- **RECORDS FOR THE TASK**
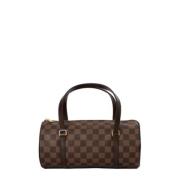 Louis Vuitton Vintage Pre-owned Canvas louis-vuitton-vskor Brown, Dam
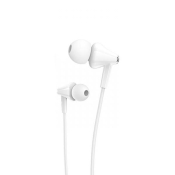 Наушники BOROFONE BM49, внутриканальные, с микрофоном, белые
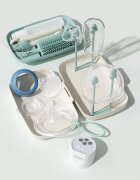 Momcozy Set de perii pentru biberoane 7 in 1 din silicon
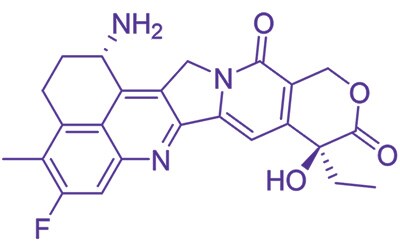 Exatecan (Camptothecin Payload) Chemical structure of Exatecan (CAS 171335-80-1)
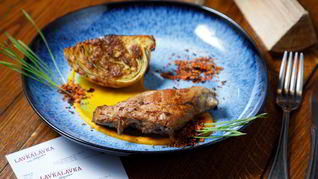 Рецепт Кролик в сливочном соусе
---
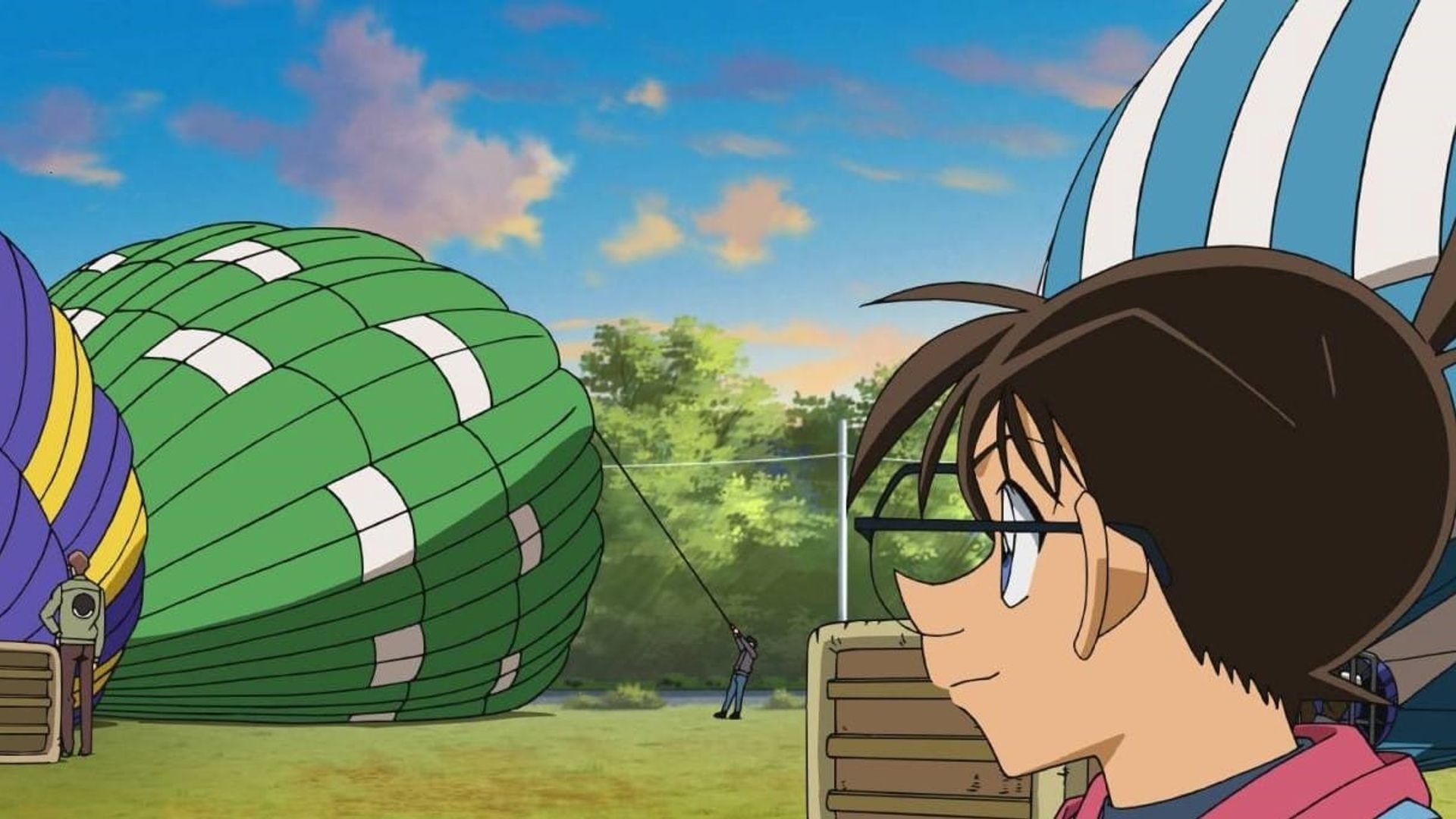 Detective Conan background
==
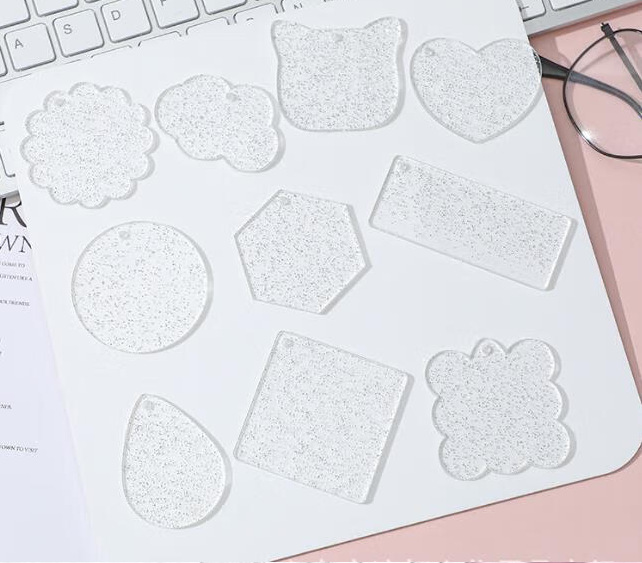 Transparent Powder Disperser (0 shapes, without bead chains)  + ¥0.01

- **YOUR GOAL**
Working from the entries above, please transcribe only the lines from the line with "Louis Vuitton Vintage" through the line with "Рецепт Кролик в сливочном соусе", exactly, with both end lines and without pictures.

- **EXERCISE RESULT**
 Louis Vuitton Vintage Pre-owned Canvas louis-vuitton-vskor Brown, Dam
 Наушники BOROFONE BM49, внутриканальные, с микрофоном, белые
 Momcozy Set de perii pentru biberoane 7 in 1 din silicon
 Exatecan (Camptothecin Payload) Chemical structure of Exatecan (CAS 171335-80-1)
 Рецепт Кролик в сливочном соусе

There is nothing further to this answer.